Certains salariés ignorent parfois que leur entreprise est adhérente, et certaines entreprises peuvent y adhérer à plusieurs titres. Quelques fédérations ne voient pas l’intérêt d’en être, comme le Syndicat national de l’édition, qui en a démissionné. Surtout, de grosses fédérations – banques, assurances, intérim, bâtiment, métallurgie – y pèsent nettement plus lourd que les autres, en nombre d’adhérents, en termes de budget annuel ou de rang de cotisation, l’Union des industries et métiers de la métallurgie en tête (UIMM). « Mais il s’agit presque plus de puissance que de pouvoir », commente Éric Verhaeghe. Localement, le Medef possède un réseau territorial très proche de « clubs » comme le Rotary. Quelle représentativité du patronat ? Quelle unité entre ses adhérents ? Quelle entente avec les deux autres syndicats patronaux que sont la Confédération générale du patronat des petites et moyennes entreprises (CGPME) et l’Union professionnelle artisanale (UPA), et quelles convergences d’intérêts entre les petites et les grosses fédérations ? « Le Medef tient d’abord son pouvoir du législateur », tranche Éric Verhaeghe, ex-membre du Medef [^3], en renvoyant à la loi Larcher de 2004 sur le dialogue social – qui renforce la prépondérance patronale. Si le Mouvement des entreprises de France – créé le 27 octobre 1998 dans une opposition à la réduction du temps de travail – évolue vers une plus grande personnalisation de son dirigeant, « le président ne peut présider contre ses gros adhérents », souligne Éric Verhaeghe. En témoigne le conflit entre Laurence Parisot et l’UIMM en 2010.

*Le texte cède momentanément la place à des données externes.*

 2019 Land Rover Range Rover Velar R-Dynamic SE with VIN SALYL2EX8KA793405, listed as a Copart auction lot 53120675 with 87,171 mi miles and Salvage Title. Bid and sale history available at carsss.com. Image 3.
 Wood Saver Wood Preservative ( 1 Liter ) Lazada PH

Le fonctionnement se ferait plutôt « du bas vers le haut ». Mais il repose sur un système d’adhésions volontaires et non sur le principe du vote, comme pour les autres syndicats. Le Medef agit à la fois comme syndicat et comme lobby, son versant « culturel ». Ce qui ferait son unité, c’est sa doctrine interne : il défend un système de relations sociales tempérées, vision très XIXe selon laquelle on ne partage pas le pouvoir mais on doit bien traiter ses salariés. Autre élément de doctrine : si les entreprises sont en compétition, « on ne se fait pas concurrence sur la main-d’œuvre ». Enfin, mêmes grandes écoles (ENA, Polytechnique, Centrale, Mines, Ponts, Sciences Po, etc.), mêmes clubs (Rotary, Jockey Club, le Siècle…), mêmes sources d’inspiration (Institut Montaigne, Institut de l’entreprise, Cercle de l’industrie, Centre des jeunes dirigeants d’entreprises, mouvements féminins, Ethic, Croissance +…), le Medef alimente un esprit de caste. « Un patron reconnaît l’un des siens à une certaine façon de parler, ironise Éric Verhaeghe, une certaine façon d’écouter, une certaine façon de répondre, une certaine façon de penser, bien sûr, jusqu’au soin pris pour cirer ses chaussures ou choisir ses cravates. Mais la principale caractéristique du patron, celle que jamais je ne pourrai partager, et qui mériterait une analyse freudienne et lacanienne, est son art du tabou. » Pas de complot mais un « esprit de coterie ». Cette conscience de classe évolue-t-elle ? Lancé en septembre 2012 par des entrepreneurs de la high-tech, en marge d’un Medef « has been » qui snobe Dailymotion, YouTube ou les réseaux sociaux, le mouvement de défense des « pigeons » pourrait le laisser croire. Les défenseurs des « PME de croissance » seraient à la peine fiscale quand de grands groupes engouffrent des aides publiques alors qu’ils suppriment des emplois. Cherchez l’erreur !

[^2]: Les Patrons des patrons. Histoire du Medef , Michel Offerlé, éd. Odile Jacob, 2013.

[^3]: Au cœur du Medef. Chronique d’une fin annoncée , Éric Verhaeghe, Éd. Jacob-Duvernet, 2011.